The biggest downside of viewing SharePoint 2013 audit reports is you need to generate this on the level of the site collection. If you have a lot of site collections, you get the idea it can take quite a while if you need to generate all these reports from a large number of site collections. Remember, SharePoint’s best friend is PowerShell which allows you to automate quite a lot of repetitive tasks and helps you do the job faster and more efficiently.

SharePoint auditing best practices

As with many things in SharePoint, it is important to have a good plan before you turn auditing on, because if you are not careful it could go bad really fast.

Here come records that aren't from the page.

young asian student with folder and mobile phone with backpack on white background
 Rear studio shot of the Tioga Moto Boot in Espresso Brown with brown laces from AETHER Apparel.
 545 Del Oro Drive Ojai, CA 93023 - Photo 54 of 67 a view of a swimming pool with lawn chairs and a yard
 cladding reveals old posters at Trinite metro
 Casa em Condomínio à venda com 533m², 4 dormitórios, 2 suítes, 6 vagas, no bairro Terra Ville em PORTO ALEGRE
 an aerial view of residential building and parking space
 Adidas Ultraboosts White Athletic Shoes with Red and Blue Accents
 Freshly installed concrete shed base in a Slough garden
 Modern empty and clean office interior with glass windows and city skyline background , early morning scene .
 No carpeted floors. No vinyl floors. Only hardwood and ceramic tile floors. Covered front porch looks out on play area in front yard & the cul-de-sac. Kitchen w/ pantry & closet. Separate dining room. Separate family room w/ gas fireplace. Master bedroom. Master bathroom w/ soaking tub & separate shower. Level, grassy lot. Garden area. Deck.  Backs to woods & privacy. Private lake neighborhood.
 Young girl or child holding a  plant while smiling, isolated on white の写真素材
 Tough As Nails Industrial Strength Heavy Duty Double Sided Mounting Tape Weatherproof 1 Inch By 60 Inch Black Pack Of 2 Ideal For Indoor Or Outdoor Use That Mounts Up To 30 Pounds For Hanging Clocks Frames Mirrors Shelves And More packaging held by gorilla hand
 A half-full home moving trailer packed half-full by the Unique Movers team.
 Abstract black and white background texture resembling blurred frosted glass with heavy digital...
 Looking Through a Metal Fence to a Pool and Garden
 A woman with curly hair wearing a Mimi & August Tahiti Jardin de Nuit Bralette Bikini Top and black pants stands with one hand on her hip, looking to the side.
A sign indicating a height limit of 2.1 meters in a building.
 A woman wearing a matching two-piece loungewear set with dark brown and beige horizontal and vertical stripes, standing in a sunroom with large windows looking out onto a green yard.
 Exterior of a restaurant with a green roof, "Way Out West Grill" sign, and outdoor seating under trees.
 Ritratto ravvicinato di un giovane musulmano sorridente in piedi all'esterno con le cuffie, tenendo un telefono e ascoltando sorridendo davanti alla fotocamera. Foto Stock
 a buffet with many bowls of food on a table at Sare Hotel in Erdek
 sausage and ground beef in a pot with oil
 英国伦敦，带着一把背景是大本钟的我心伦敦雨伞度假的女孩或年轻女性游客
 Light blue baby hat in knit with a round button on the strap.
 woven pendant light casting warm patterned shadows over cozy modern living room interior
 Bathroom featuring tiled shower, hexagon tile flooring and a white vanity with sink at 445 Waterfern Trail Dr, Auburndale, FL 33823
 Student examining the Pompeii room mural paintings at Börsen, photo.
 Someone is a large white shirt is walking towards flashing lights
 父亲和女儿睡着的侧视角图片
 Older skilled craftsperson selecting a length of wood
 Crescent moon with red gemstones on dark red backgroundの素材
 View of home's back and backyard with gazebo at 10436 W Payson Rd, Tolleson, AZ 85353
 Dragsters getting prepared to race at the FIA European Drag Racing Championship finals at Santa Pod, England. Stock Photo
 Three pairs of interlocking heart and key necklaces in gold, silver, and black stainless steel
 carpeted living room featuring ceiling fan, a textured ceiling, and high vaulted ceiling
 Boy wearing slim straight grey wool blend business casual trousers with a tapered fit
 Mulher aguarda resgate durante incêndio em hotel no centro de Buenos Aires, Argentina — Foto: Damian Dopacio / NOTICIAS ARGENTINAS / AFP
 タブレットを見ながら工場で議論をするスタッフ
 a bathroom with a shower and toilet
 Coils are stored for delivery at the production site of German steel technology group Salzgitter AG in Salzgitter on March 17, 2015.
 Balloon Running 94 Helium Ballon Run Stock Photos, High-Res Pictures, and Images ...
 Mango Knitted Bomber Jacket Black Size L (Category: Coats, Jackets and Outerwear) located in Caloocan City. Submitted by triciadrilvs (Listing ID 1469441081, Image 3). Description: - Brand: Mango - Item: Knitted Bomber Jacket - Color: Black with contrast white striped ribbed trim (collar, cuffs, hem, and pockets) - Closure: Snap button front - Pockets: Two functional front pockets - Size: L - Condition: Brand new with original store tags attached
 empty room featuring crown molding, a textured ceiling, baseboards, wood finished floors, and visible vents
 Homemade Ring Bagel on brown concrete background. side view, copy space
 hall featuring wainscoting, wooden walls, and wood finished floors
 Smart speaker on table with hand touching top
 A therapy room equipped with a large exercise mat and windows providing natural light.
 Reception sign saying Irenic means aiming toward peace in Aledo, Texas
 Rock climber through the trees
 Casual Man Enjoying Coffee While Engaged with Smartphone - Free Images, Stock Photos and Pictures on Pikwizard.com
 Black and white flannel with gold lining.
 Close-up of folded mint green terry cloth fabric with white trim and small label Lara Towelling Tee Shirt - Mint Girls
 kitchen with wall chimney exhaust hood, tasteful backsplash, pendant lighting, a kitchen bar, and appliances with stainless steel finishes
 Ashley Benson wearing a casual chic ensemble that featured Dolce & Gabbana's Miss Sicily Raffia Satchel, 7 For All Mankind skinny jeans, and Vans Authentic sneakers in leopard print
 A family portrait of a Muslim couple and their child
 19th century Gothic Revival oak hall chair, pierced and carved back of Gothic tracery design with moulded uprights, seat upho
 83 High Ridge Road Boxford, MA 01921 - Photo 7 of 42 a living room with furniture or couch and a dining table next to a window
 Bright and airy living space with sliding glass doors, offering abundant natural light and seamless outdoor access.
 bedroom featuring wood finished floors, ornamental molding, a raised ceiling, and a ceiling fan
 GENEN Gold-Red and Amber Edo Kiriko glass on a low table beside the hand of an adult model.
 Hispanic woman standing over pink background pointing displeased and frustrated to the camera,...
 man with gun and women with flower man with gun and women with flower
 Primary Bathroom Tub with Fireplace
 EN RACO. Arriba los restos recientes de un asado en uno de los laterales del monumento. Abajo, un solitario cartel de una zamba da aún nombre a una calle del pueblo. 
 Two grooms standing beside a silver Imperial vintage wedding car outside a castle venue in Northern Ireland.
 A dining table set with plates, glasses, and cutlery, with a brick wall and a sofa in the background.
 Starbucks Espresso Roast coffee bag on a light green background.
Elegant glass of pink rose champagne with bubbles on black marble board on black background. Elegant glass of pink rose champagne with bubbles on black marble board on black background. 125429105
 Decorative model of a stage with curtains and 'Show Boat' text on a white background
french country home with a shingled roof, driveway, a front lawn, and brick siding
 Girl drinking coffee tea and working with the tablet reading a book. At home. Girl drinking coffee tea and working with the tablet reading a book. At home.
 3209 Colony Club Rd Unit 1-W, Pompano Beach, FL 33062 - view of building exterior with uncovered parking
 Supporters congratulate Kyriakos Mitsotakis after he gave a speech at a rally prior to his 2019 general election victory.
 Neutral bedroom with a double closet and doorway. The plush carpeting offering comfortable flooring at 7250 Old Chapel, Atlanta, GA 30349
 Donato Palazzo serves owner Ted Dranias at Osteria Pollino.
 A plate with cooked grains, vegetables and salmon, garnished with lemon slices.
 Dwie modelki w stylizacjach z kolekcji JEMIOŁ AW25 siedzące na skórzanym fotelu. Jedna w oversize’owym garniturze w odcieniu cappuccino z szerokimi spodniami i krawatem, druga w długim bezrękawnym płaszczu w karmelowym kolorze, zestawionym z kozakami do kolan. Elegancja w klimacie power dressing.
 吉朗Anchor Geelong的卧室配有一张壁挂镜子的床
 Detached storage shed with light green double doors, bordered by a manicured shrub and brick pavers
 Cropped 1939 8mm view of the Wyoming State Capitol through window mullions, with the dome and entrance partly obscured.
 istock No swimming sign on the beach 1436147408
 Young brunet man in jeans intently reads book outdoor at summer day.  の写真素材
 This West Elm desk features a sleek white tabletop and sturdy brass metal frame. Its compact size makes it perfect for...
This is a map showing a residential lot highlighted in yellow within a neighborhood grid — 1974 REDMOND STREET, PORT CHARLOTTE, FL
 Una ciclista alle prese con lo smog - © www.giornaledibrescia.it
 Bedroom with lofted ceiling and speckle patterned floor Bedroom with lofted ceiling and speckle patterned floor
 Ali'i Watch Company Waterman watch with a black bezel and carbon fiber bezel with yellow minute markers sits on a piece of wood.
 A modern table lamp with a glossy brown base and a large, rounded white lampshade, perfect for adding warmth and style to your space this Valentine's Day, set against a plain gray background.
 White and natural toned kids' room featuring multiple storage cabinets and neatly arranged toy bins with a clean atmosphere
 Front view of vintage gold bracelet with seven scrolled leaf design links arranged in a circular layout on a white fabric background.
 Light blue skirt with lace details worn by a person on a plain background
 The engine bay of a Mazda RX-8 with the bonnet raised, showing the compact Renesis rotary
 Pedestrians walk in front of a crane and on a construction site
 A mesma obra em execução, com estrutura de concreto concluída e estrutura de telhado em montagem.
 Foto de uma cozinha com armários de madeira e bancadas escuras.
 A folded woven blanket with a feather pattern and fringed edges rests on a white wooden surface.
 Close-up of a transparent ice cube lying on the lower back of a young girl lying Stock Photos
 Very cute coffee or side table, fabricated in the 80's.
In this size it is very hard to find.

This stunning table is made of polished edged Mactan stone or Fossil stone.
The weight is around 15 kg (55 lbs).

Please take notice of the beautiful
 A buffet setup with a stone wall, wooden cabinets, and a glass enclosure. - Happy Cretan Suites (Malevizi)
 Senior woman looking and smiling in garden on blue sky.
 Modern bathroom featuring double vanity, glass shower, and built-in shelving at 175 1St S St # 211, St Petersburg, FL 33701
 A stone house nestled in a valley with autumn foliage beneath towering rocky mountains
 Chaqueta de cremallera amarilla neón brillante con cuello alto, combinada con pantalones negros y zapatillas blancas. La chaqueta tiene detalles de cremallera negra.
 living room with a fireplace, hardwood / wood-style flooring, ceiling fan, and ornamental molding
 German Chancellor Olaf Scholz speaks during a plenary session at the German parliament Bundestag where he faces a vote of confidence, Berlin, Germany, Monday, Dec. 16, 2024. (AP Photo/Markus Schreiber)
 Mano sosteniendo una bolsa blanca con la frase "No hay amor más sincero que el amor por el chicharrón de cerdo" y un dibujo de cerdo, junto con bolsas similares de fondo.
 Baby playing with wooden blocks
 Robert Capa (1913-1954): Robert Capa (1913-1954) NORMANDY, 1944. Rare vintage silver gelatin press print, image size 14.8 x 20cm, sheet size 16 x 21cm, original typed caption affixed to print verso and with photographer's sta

You need to plan ahead and set the goals you want to accomplish with SharePoint Auditing, including:

  • Which governance and legal requirements do you want to meet?
  • Which audit events do you need to track?
  • How long do you need to store the audit data?

Firstly, as you have already learned you need to turn on auditing site collection by site collection. Doing so through the SharePoint UI can be tiresome and slow, it is highly recommended that you use PowerShell to automate this. Here is a script sample showing how this can be done:

#enable "Editing users and permissions" audit logs
$site = Get-SPSite
$site.Audit.AuditFlags = $site.Audit.AuditFlags -bor [Microsoft.SharePoint.SPAuditMaskType]::SecurityChange

Before turning on SharePoint auditing, be aware that it can have a major impact on your storage needs. Keep in mind that audit logs are stored inside the same SharePoint Content Databases where your site collections live. Your site collection storage might start to grow a lot faster, and this can give you a headache during future migrations when you have to deal with huge databases. With these concerns in mind, you might want to look at these best practices:

Set a strong retention policy

What retention policy will you set? Keep in mind that according to an IBM study, the average number of days to detect a breach is around 150-200 days varying by industry. You want to be well above that limit.

Choose the events you track wisely

Which events will you track? This selection can significantly increase the number of events logged in the audit log. You can expect that the biggest impact will come from turning on the option to log “Opened and downloaded documents, viewed items in lists, and viewed item properties“.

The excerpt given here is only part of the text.